# My girlfriend, Ashley



## mn5503 (Mar 6, 2010)

She just had her hair colored darker and wanted to see what it looked like outside in the sunlight.  So we just stepped out on the deck, with the late afternoon sun coming in really bright.  I don't like where the sun hits her face and I think some reflective light would have worked nice for this picture but it was just a quick shot and I'm new to this.  Actually, I have no idea what I'm doing with this camera 

She is a beautiful girl and deserves a better photographer!  I'm working on that part...


----------



## MrRamonG (Mar 6, 2010)

Pretty girl.  Nice shot but you're right, some reflective light or fill flash would have made the image better.


----------



## bburzycki (Mar 6, 2010)

Visit CA I can handle that.....

Opinion on this shot is its fine - she is very pretty - its hard to not take a decent shot of a pretty girl.. that said - off camera strobe, or in this case a large difussion panel would make a load of good... diffused sunlight is one of the nicest light sources you can have for portrait work...The panels are not all cheap but a thin crappy bed sheet can work but i really reccomend the difussion material stretched out.
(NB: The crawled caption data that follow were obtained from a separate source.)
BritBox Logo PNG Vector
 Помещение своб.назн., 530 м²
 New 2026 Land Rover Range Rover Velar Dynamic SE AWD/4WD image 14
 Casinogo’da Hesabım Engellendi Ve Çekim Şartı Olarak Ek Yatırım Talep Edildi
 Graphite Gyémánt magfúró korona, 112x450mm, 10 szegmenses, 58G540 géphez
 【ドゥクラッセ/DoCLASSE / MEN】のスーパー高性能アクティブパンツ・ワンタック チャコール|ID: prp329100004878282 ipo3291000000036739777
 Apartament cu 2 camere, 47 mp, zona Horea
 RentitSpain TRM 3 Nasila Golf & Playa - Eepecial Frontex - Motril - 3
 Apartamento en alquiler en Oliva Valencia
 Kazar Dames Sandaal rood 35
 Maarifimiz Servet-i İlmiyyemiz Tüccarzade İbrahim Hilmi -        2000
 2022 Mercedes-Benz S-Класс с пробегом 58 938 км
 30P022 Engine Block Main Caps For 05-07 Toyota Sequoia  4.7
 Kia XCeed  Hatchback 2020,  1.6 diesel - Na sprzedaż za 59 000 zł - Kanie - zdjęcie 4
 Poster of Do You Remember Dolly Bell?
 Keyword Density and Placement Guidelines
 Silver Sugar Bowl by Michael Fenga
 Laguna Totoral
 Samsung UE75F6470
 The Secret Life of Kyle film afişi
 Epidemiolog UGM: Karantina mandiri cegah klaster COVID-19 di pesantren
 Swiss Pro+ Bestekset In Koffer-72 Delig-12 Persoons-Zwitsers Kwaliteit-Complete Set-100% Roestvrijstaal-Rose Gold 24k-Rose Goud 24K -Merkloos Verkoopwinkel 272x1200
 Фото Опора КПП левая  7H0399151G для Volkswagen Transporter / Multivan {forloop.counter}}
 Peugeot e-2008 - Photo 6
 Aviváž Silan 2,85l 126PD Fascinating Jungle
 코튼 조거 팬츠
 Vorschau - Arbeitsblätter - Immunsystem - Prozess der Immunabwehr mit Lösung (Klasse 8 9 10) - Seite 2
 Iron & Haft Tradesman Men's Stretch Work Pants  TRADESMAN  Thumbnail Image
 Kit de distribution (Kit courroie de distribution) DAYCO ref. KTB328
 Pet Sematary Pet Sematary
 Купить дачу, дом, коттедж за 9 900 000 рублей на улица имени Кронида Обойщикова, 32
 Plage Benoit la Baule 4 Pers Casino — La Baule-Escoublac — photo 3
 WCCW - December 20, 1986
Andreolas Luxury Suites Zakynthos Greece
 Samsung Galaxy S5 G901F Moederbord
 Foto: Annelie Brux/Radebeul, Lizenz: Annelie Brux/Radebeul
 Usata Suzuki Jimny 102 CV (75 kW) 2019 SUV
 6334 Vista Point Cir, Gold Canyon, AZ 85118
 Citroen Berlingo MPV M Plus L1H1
Just watch out for wind it can be much like a sail....

Pretty funny thou when your unknowing assistant goes for a hangliding ride..


----------



## JimmyO (Mar 6, 2010)

Lighting on face is wierd, makes her eyes look unbalanced


----------



## Live_free (Mar 10, 2010)

lucky guy..... js


----------



## burnws6 (Mar 10, 2010)

ok, better photographer here....what do you need again?


----------



## Sinister_kid (Mar 10, 2010)

Agreeing with the light issue.. and definitely on the attractiveness of the girl too.


----------



## ghache (Mar 10, 2010)

Your girlfirend is HOT!


----------



## Early (Mar 10, 2010)

You could have placed her and the camera so that the sun was more directly behind her, but that a small matter.  I like the shot.  Nice color and exposure.  And you can tell her for me that her hair looks great.


----------